Dengan demikian perbedaan makna
antara perkataan kebijaksanaan dan kebijakan tidak menjadi persoalan, selama
kedua istilah itu diartikan sebagai keputusan pemerintah yang relatif bersifat
umum dan ditujukan kepada masyarakat umum. Perbedaan kata kebijakan dengan
kebijaksanaan berasal dari keinginan untuk membedakan istilah policy sebgai
keputusan pemerintah yang bersifat umum dan berlaku untuk seluruh anggota
masyarakat, dengan istilah discretion, yang dapat diartikan “ilah” atau
keputusan yang bersifat kasuistis untuk sesuatu hal pada suatu waktu tertentu.

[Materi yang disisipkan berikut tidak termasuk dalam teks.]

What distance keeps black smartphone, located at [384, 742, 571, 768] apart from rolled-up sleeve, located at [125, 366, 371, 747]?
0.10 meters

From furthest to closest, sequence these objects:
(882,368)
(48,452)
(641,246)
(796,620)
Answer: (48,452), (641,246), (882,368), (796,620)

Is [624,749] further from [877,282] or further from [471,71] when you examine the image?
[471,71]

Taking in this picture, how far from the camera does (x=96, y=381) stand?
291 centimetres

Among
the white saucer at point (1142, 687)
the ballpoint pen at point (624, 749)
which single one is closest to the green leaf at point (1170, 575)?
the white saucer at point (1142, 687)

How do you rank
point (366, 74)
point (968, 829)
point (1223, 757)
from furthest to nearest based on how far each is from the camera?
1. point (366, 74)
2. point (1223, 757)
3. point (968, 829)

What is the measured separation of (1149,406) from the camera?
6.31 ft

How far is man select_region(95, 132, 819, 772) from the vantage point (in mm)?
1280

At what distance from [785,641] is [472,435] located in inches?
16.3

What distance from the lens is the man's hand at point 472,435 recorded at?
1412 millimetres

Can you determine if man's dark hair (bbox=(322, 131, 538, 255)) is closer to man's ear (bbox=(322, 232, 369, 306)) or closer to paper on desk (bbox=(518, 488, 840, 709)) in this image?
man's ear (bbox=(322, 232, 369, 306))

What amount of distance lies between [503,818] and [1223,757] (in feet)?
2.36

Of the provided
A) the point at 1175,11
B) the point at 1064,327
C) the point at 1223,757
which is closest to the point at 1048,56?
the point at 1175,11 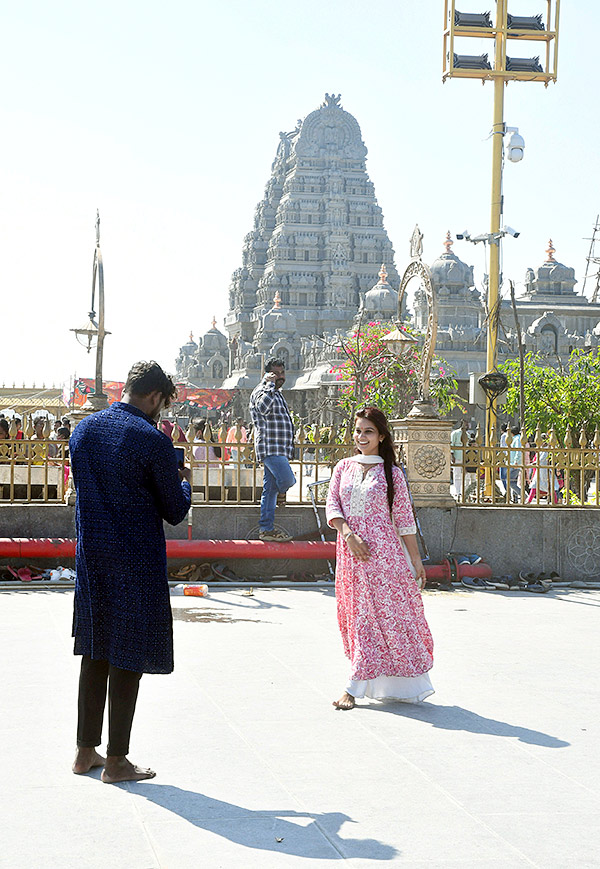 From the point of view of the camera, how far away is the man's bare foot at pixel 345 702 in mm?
5617

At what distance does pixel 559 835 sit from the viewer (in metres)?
3.75

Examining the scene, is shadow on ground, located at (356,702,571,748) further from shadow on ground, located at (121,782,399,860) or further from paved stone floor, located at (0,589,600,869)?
shadow on ground, located at (121,782,399,860)

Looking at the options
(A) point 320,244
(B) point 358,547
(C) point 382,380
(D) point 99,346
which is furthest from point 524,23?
(A) point 320,244

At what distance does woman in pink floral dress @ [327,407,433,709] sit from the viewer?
5.79m

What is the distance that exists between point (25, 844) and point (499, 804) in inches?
66.1

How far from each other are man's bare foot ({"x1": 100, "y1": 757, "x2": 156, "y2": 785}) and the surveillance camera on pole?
12300 mm

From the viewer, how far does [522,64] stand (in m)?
15.7

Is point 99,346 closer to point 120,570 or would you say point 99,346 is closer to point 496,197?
point 496,197

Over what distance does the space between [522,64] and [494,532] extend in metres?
7.57

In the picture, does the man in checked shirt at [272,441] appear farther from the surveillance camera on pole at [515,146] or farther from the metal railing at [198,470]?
the surveillance camera on pole at [515,146]

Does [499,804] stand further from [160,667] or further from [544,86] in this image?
[544,86]

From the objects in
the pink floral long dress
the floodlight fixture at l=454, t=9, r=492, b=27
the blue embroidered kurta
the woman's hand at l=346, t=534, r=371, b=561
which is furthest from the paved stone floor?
the floodlight fixture at l=454, t=9, r=492, b=27

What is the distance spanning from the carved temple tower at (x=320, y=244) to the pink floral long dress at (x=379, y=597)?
69129 mm

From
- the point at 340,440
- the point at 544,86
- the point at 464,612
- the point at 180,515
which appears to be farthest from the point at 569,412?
the point at 180,515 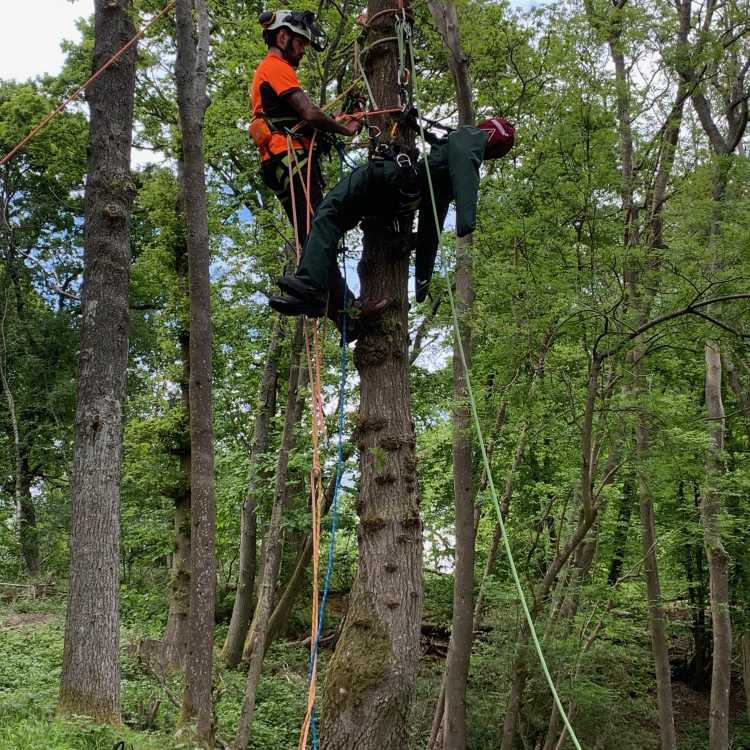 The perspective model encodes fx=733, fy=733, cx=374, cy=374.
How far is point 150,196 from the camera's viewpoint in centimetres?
1135

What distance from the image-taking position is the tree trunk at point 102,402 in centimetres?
549

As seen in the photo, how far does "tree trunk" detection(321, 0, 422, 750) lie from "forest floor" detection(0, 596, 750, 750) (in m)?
2.48

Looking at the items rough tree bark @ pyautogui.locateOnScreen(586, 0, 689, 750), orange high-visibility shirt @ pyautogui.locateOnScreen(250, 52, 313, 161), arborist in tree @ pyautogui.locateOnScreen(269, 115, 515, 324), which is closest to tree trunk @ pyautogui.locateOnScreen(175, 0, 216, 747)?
orange high-visibility shirt @ pyautogui.locateOnScreen(250, 52, 313, 161)

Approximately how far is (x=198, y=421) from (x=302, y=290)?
334cm

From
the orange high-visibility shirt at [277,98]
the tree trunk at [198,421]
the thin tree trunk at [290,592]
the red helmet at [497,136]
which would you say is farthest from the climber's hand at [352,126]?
the thin tree trunk at [290,592]

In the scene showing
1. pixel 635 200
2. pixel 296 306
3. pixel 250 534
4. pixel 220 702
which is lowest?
pixel 220 702

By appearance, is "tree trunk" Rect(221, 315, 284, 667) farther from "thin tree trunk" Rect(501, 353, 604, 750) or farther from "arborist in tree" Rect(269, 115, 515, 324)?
"arborist in tree" Rect(269, 115, 515, 324)

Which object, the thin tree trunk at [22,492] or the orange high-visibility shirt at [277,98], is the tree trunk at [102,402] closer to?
the orange high-visibility shirt at [277,98]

Keputusan yang bersifat kausitis (hubungan sebab akibat) sering terjadi dalam
pergaulan. Seseorang minta “kebijaksanaan” seorang pejabat untuk memperlakukan
secara “istimewa” atau secara “istimewa” tidak memperlakukan,
ketentuan-ketentuan yang ada, yang biasanya justru ditetapkan sebagai kebijakan
pemerintah (public policy).
dalam bahasa Indonesia, kata
“kebijaksanaan” atau “kebijakan” yang diterjemahkan dari kata policy tersebut
mempunyai konotasi tersendiri. Kata tersebut mempunyai akar kata bijaksana atau
bijak yang dapat disamakan dengan pengertian wisdom, yang berasal dari kata
sifat wise dalam bahasa Inggris. Dengan pengertian ini sifat bijaksana
dibedakan orang dari sekedar pintar (clever) atau cerdas (smart). Pintar bisa
berarti ahli dalam satu bidang ilmu, sementara cerdas biasanya diartikan
sebagai sifat seseorang yang dapat berpikir cepat atau dapat menemukan jawaban
bagi suatu persoalan yang dihadapi secara cepat. Orang yang bijaksana mungkin
tidak pakar dalam sesuatu bidang ilmu, namun memahami hampir semua aspek
kehidupan (Buchari Zainun dan Said Zainal Abidin, 1988:7-10). Kalau orang yang
cerdas dapat segera memberi jawaban yang tepat atas sesuatu pertanyaan, maka
orang yang bijaksana mungkin pada waktu yang sama tidak mau memberikan jawaban,
karena yang demikian itu mungkin dianggapnya lebih bijaksana. Jawaban yang
bijaksana bukan sekedar dapat menjawab, tetapi juga menjawab dengan tepat
waktu,tepat lingkungan dan tepat sasaran. Konotasi ini agaknya sangat relevan
dengan kajian ilmu kebijakan, dan jawaban yang demikian itulah yang menjadi
obyek studi dari ilmu ini.
3.
PENUTUP
1.
Kesimpulan
ü
kebijakan sebagai sarana untuk mencapai tujuan, juga
sebagai program yang berkenaan dengan tujuan dan nilai yang kewenangannya
dipegang oleh pemerintah yang meliputi keseluruhan kehidupan masyarakat.
ü
Dengan demikian dapat disimpulkan bahwa Perbedaan
kata kebijakan dengan kebijaksanaan berasal dari keinginan untuk membedakan
istilah policy sebgai keputusan pemerintah yang bersifat umum dan berlaku untuk
seluruh anggota masyarakat, perbedaan makna antara perkataan kebijaksanaan dan
kebijakan tidak menjadi persoalan, selama kedua istilah itu diartikan sebagai
keputusan pemerintah yang relatif bersifat umum dan ditujukan kepada masyarakat
umum.
DAFTAR
PUSTAKA
Sumber Buku Kebijakan Publik karangan Said Zainal Abidin,
Edisi Revisi, tahun 2004, Penerbit: Yayasan Pancur Siwah, Jakarta.